Review

Ennio Morricone

OST Uccidete Il Vitello Grasso E Arrostitelo

Transversales Disques • 2020

Das ist mal ein Titel: »Tötet das fette Kalb und bratet es«. Da es sich bei dem zugehörigen Film von 1970 um einen italienischen Giallo handelt, steht zu vermuten, dass mit dem Kalb womöglich kein Tier gemeint sein könnte. Dass der Soundtrack dazu von Ennio Morricone zuvor weitgehend unbekannt war, hat damit zu tun, dass er jetzt allem Anschein nach zum ersten Mal überhaupt auf Tonträger herauskommt. Vielleicht aber auch damit, dass Morricone über 500 Filme vertont hat. »Uccidete il vitello grasso e arrostitelo« verzichtet auf große Orchesterflächen, beschränkt sich eher auf eine kammermusikalische Besetzung, in der Bass, Gitarre, Schlagzeug, Keyboards und Flöten dominieren. Hammondorgelklänge sorgen für psychedelischen Einschlag, wobei Morricone sich stets in kleinen Details, bevorzugt in seinen Melodien, als studierter Komponist zu erkennen gibt. Erstaunlich ist der fast minimalistische Charakter der Musik, die besonders im Titelstück mit hartnäckig repetitiven Figuren arbeitet, mehr Krautrock als italienischer Beat. Nicht alle dieser Wiederholungen können vergessen machen, dass dies Musik ist, die eher bei Bedarf im Hintergrund spielen soll, »Ricordo tanti fiori« etwa hängt ein wenig durch.

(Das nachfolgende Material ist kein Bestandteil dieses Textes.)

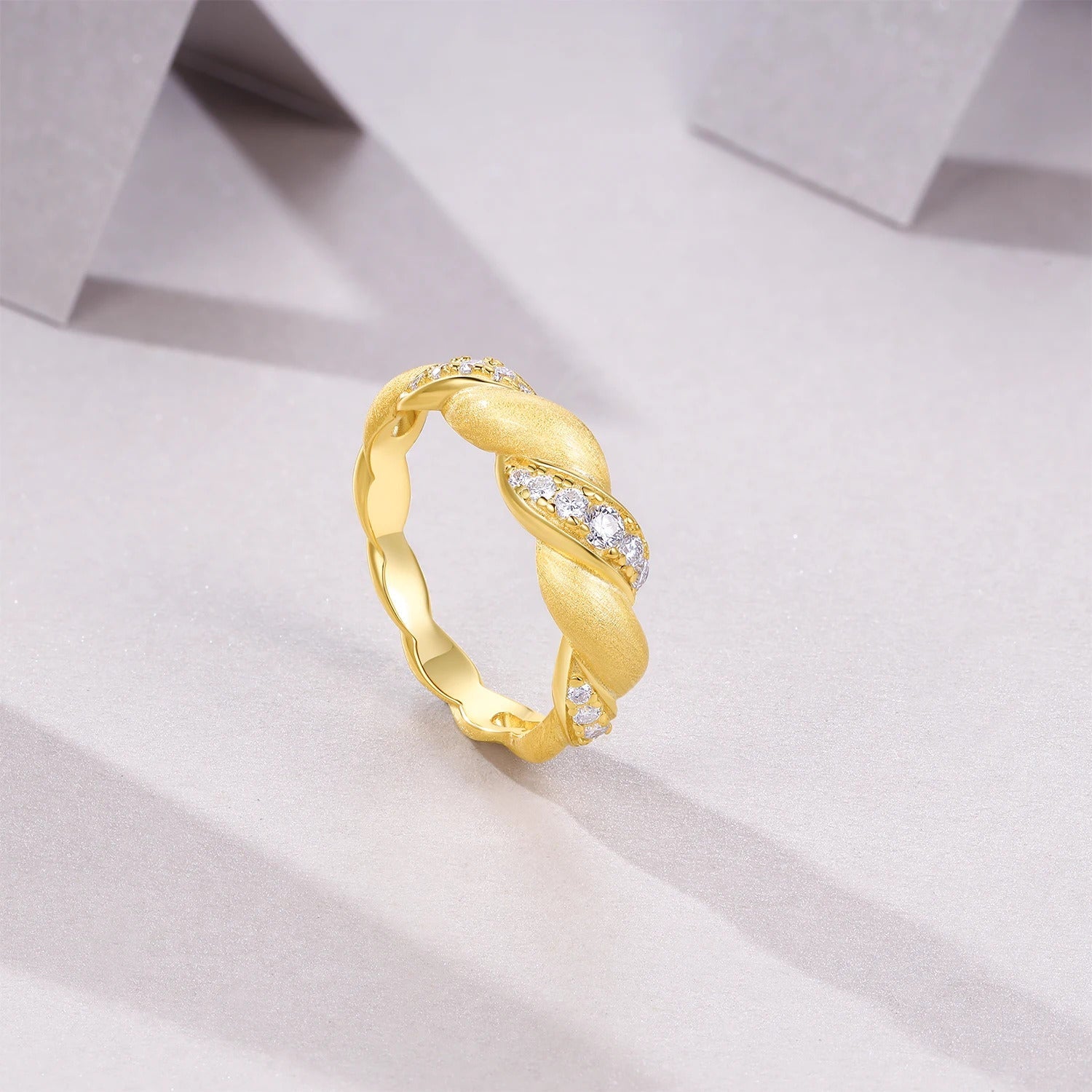 Charmsolo Moissanite Twisted Braided Matte Ring | S925 Silver 18K Gold Plated | VVS1 D Color Brushed Geometric Individualistic | R15863-BH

Interessanter wird es da, wo Ennio Morricone seiner Fantasie freieren Lauf lässt wie in »Ai confini della follia«, in dem dissonante Flöten sich abwechseln mit impressionistischem Klavier, überlagert von zirpigen Cembalo-Tönen, gefolgt von Holzbläser-Clustern. Eine Art Klangcollage, in der sogar ein Synthesizer (oder eine leicht verfremdete Orgel?) für effektiv diffuse Verstörung sorgen. Kein ganz großer Wurf, vergleicht man ihn mit dem Soundtrack zum im selben Jahr erschienenen »Indagine su un cittadino al di sopra di ogni sospetto«, doch eine kleine Entdeckung allemal.